Exercise aim
Below are the records; return exactly the lines from the one with "Moza Racing Lamborghini" through the final line, both included, minus any pictures.

Supplied records
■ ■ ■ ■ ■ ■ ■

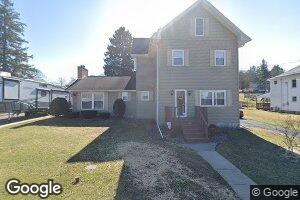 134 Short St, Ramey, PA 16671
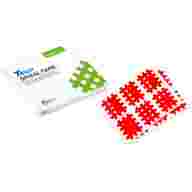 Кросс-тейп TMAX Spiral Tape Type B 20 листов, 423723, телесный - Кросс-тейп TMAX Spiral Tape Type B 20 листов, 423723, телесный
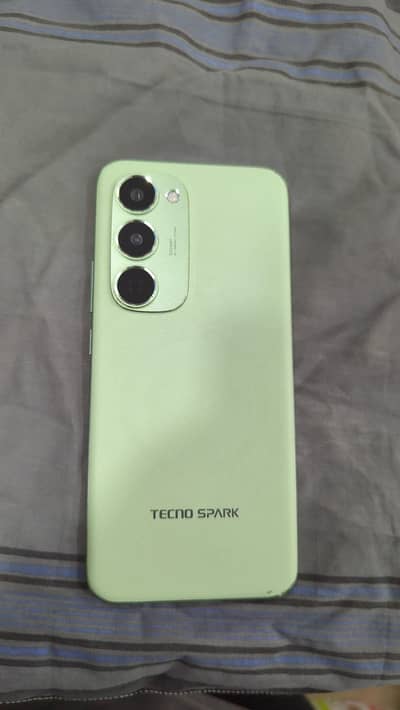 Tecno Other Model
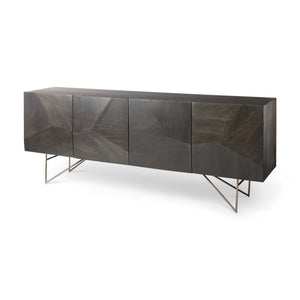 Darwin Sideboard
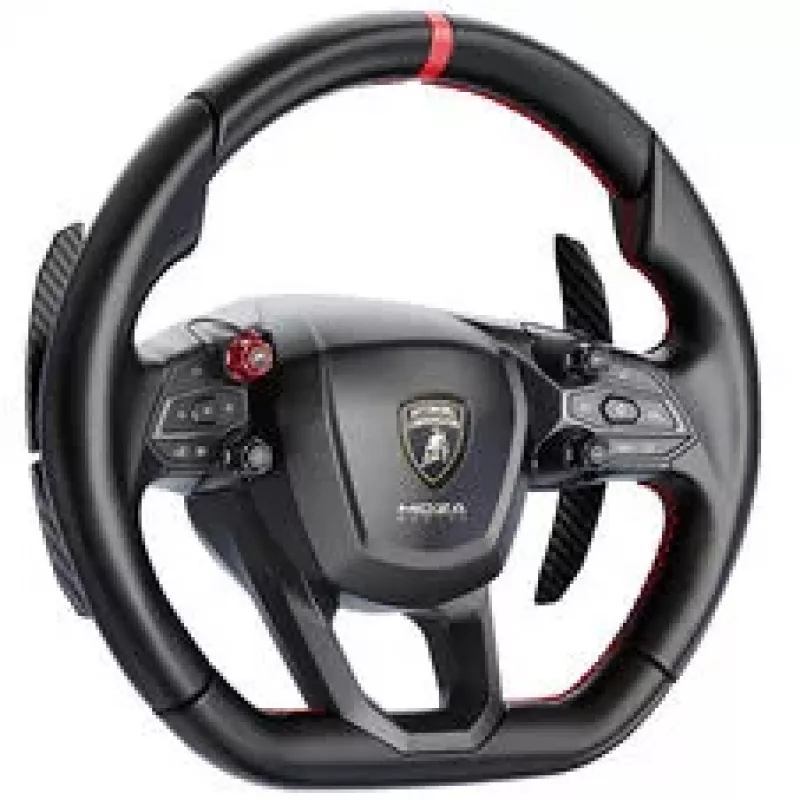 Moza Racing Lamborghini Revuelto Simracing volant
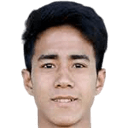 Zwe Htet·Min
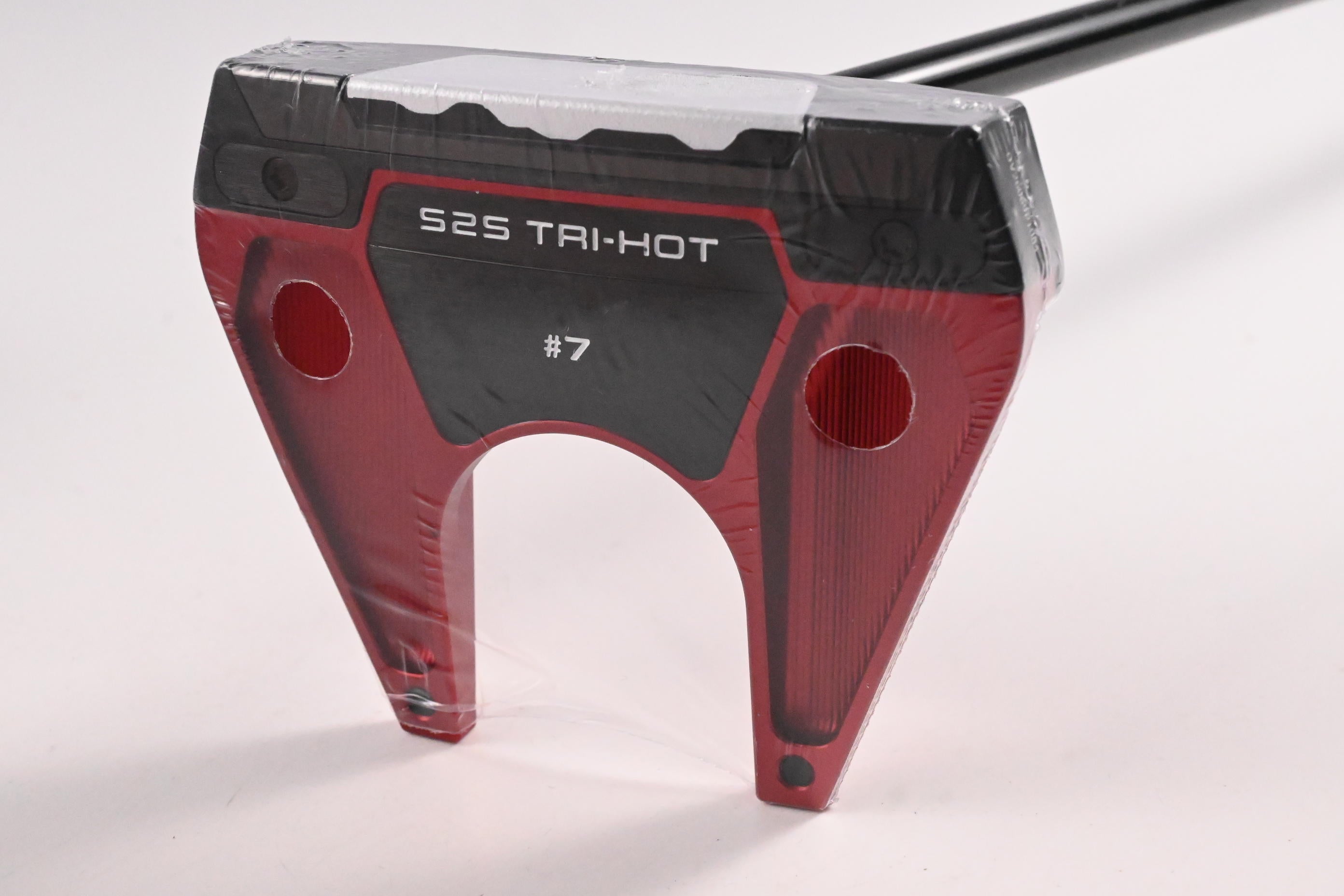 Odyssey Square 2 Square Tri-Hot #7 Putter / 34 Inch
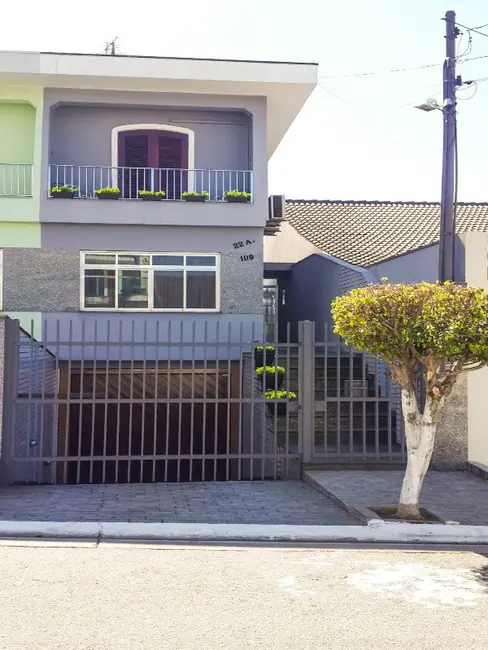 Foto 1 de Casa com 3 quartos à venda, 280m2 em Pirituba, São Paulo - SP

■ ■ ■ ■ ■ ■ ■

Answer to this problem
 Moza Racing Lamborghini Revuelto Simracing volant
 Zwe Htet·Min
 Odyssey Square 2 Square Tri-Hot #7 Putter / 34 Inch
 Foto 1 de Casa com 3 quartos à venda, 280m2 em Pirituba, São Paulo - SP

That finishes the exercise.